Gainesville, FL  --  During a blizzard on March 5th 1902, Fred Bear was born in a farmhouse in Waynesboro, Pennsylvania in the heart of the fertile Cumberland Valley. Now, a century later, on the 100th anniversary of Fred’s birth, The North American Archery Group, LLC will celebrate that quiet, but momentous event. Fred was not born an archery legend. He left home a few days after his 21st birthday and headed for Detroit where he found work as a patternmaker for the Packard Motor Car Company and attended night school at the Detroit Institute of Technology. Five years later, he saw Art Young’s film "Alaskan Adventures" and that outing changed his life … and ours.

In 1929, Fred went bowhunting for the first time, but like many of us even today, it took him six years to harvest his first deer by bow. Nevertheless, in 1933, he and a partner founded Bear Products Company to produce silk-screened advertising materials. "Off in a corner of the small building," Charles Kroll and Dick Lattimer wrote in Fred Bear: The Biography of an Outdoorsman, "Fred made archery equipment." That hobby soon became Fred’s full-time business.

Fred Bear was an energetic archery pioneer and inventor. This self-made man registered archery patents as early as 1937. He experimented with and found practical applications for materials like fiberglass and machined aluminum that have become the building blocks of modern archery.

With a deeply engaging personality, Fred promoted his business and the sport of archery around the world. Part of his success was due to his ability to surround himself with lifelong, supportive friends and bowhunters like Dick Mauch and Bob Munger.

A major part of Fred’s success however was entirely due to his own promotional genius. He produced the first of many archery and adventure films in 1942 and later published feature articles in major national magazines such as Life and True. He took his bows to state and national archery tournaments winning several. Fred taught himself to write and published a widely acclaimed book, Fred Bear’s Field Notes. In the ‘50s and ‘60s, he appeared frequently on television and became a widely sought-after speaker. National sports personalities such as Curt Gowdy sought out the Lincolnesque Pennsylvania farm boy to cut records and tapes. Fred and his company hosted international events and he led parties of intrepid bowhunters on one adventure after another around the world with equipment that he designed and built in his Michigan manufacturing facility: Africa, India, South America, British Columbia and Alaska. For a man of small beginnings, his list of accomplishments is nothing short of phenomenal.

Fred Bear positively influenced national conservation policy and the way we do business today by supporting and promoting the extension of the Federal Excise Tax to certain types of archery equipment. His efforts are a part of his broad conservation legacy and they will benefit many generations of hunters beyond our own.

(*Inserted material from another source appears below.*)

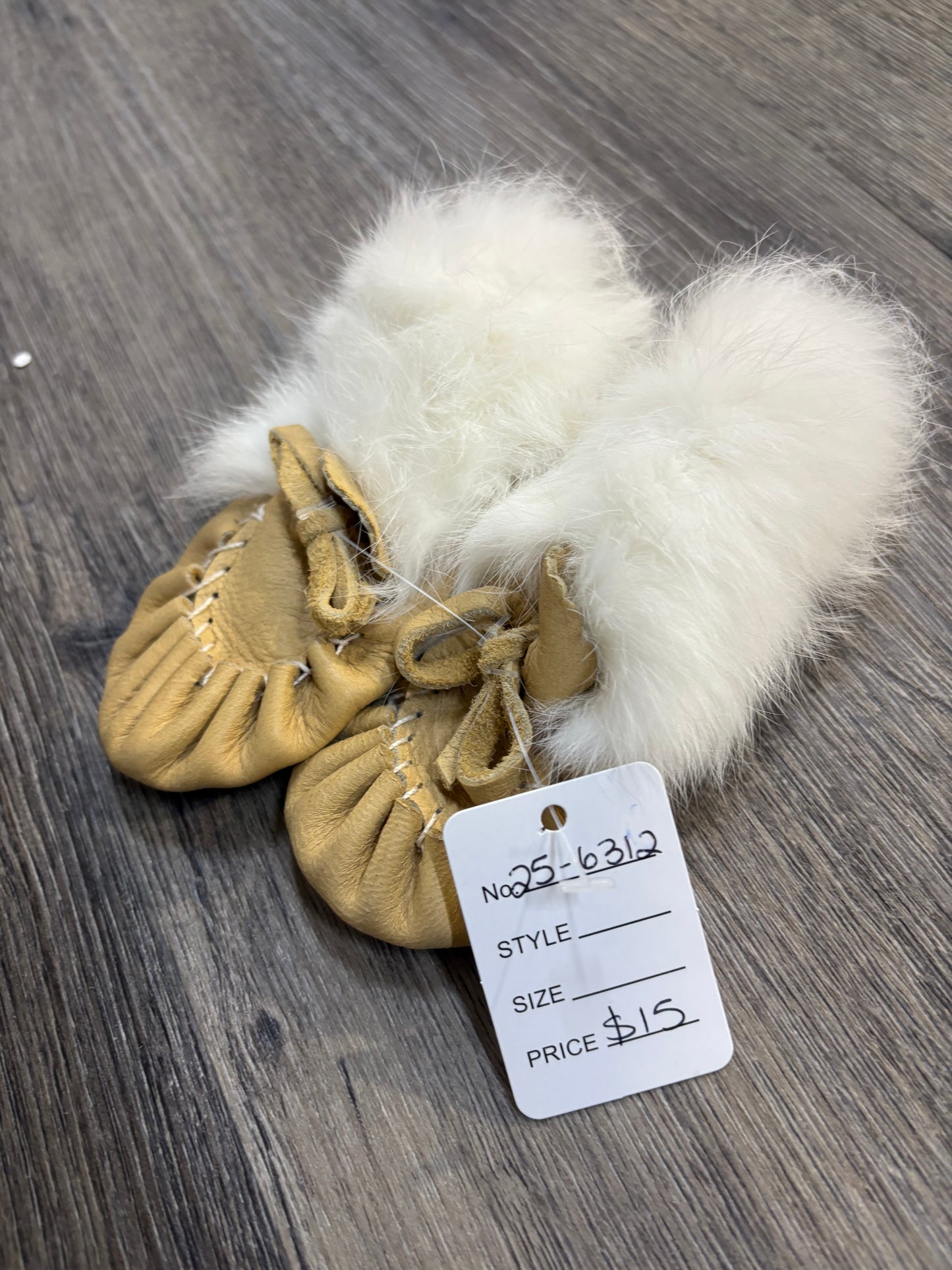 Baby Moccasins *Size Unknown*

In 1968, Fred sold his company, Bear Archery, to Victor Comptometer. The world had changed around the entrepreneur. Bigger was now better and deep pockets were required to fund research and development and archery sales on a worldwide basis. The sale gave Fred ten more years to serve as president. So, he founded the Fred Bear Sports Club and passionately promoted his company and all of archery. His philosophy was that if he could turn a dozen people on to archery, they may not all purchase Bear equipment, but he would get a share. It was that spirit, perhaps even more than his hunting exploits, his movies or his patents, that has made Fred an honored legend among outdoorsmen everywhere.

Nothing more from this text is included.